On Fri, Aug 27, 2010 at 12:56 PM, Eli Zaretskii
<address@hidden> wrote:
> From: Kenichi Handa <address@hidden>
> Date: Thu, 26 Aug 2010 10:10:05 +0900
>
> I've just committed changes to trunk for Arabic shaping. If
> there're any Arabic users in this list, please check the
> displaying of Arabic text. On GNU/Linux system, you must
> compile Emacs with libotf and m17n-lib (configure script
> should detect them automatically).
Thanks. However, today's build behaves very strangely in a GUI
session on MS-Windows. For starters, cursor motion seems to jump
across many characters in the "Arabic" line of etc/HELLO. For
example, typing C-f in that line, I first move one character at a time
across "Arabic", as expected, then the cursor jumps to the right paren
of the leftmost parenthesized part, again as expected, and then I see
the following strange behavior:
. C-f moves one character to the left, to buffer position 758, as
expected.
. the next C-f jumps across many characters on the screen and lands
on position 764.
. another C-f jumps to what is reported as position 765, but on the
screen those are several characters, maybe 5 or 6.
. another C-f moves to the left paren at position 766, as expected.
. yet another C-f moves to position 767, but on the screen the
cursor jumps back into one of the characters it jumped across when
it landed on position 765 two C-f keypresses earlier.

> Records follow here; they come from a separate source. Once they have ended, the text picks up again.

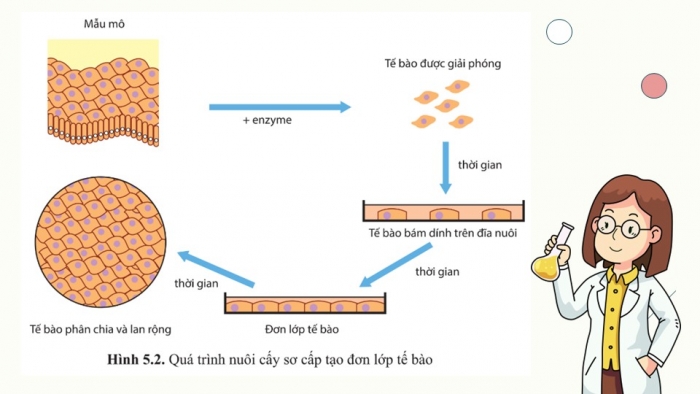 Giáo án điện tử chuyên đề Sinh học 10 cánh diều Bài 5: Các giai đoạn của công nghệ tế bào động vật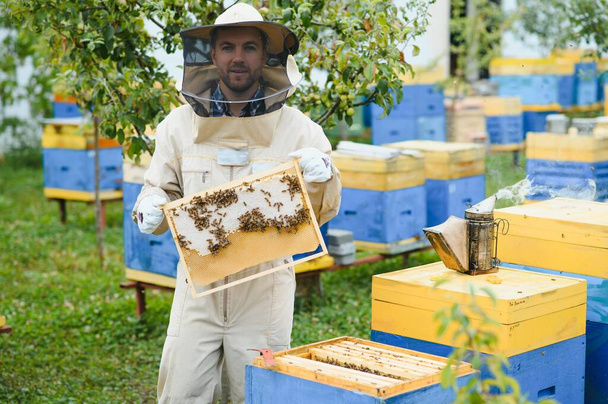 Beekeeper is working with bees and beehives on the apiary. Beekeeping concept. - Фото, зображення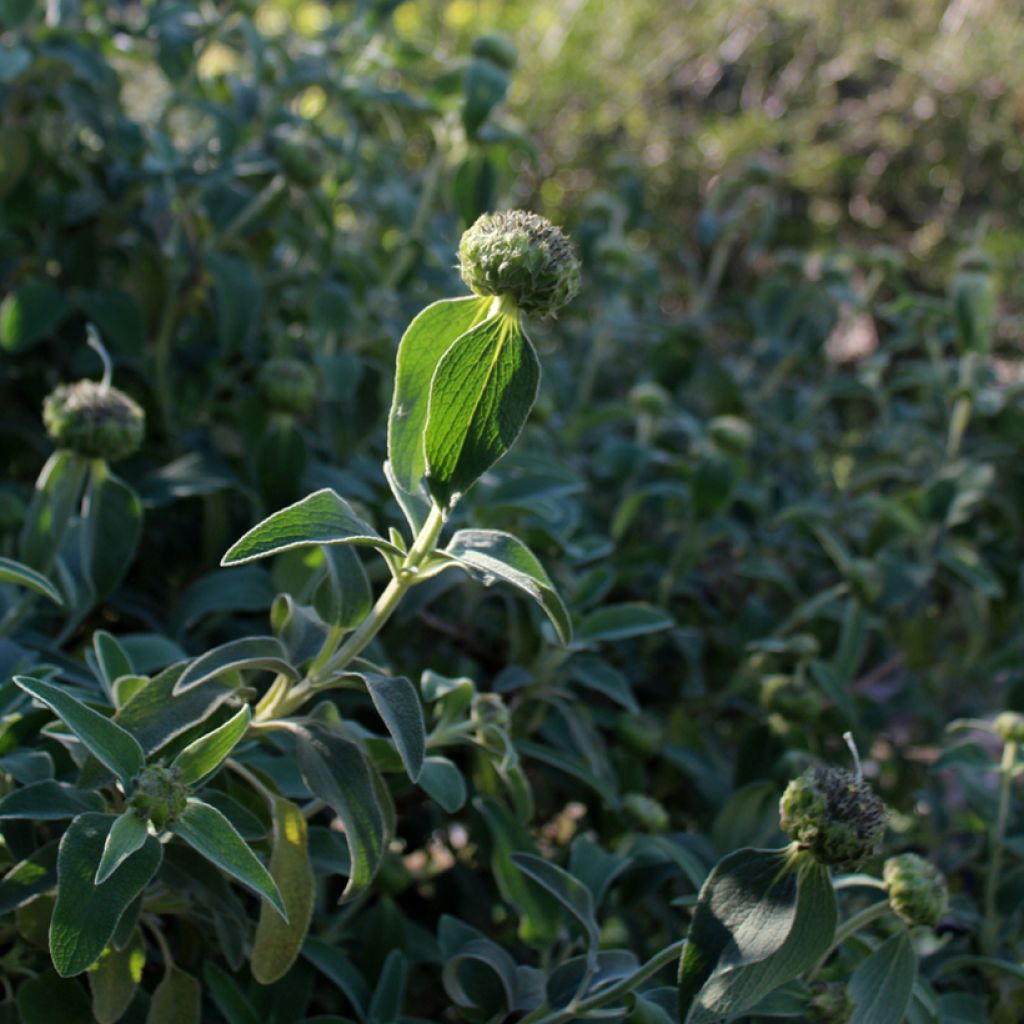 Phlomis fruticosa - Sauge de Jérusalem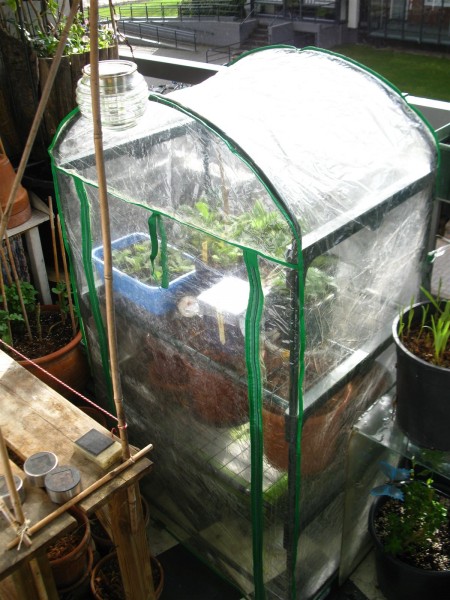 20230330 - greenhouse - 01.jpg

. if I type C-b 4 times from this point, I enter a "trap", whereby
typing C-b jumps between two characters, whose buffer positions
are 764 and 765. The only way to get out of the trap is with C-a
or C-e or C-f.
I don't read Arabic, so I cannot really say whether any of this is
expected behavior. (The "trap" with C-b is certainly not the expected
behavior.) Do you see anything similar on X?
1) I confirm that Arabic shaping seems to work fine on my build (27/8/10 rev. 101200, on Linux+X (Debian unstable)).
2) Logical movement with C-f/C-b in the hello file seems fine (I do not see the trap described above).
3) My Arabic is very basic, and I am not familiar with Arabic computing (keyboards etc.) - I noticed the following points, but I am not sure what is the expected behavior (I can only compare to other programs - gedit in this case):
a) Column numbers (column-number-mode) behave strangely (I suspect that m17n-lib's invisible markup consume column numbers). For example as you move using C-f in the word "هذا" column numbers go through "0,1,4,5" (i.e. the second character takes up 3 columns). If I change that to "بهذا", the column positions are "0,1,4,6,7" (the second and third chars take up 3 and 2 columns resp.?).
In gedit column positions are 1 character per column and do not depend on the shaping.
b) Arabic keyboard has the ligature "Lam-Alef" (U+FEFB) on the key marked "B" in qwerty keyboards. When I type this in emacs, I get Lam and Alef (which are auto-shaped correctly as the proper ligature). C-d when cursor is on the ligature erases the Alef and another C-d erases the Lam. This seems like proper behavior to me. However, in gedit, the "B" key produces a (U+FEFB) which is always displayed as a ligature, deleted in a single Del press, and never connected to previous character. Cut and pasting this into emacs, I get a similar behavior there.
The question is: do Arabic users expect to be able to produce this "stiff" ligature? Is the behavior of gedit a bug? Should the emacs "Lam-Alef" key behave as it does (i.e. produce two characters)?
thanks,
Amit Aronovitch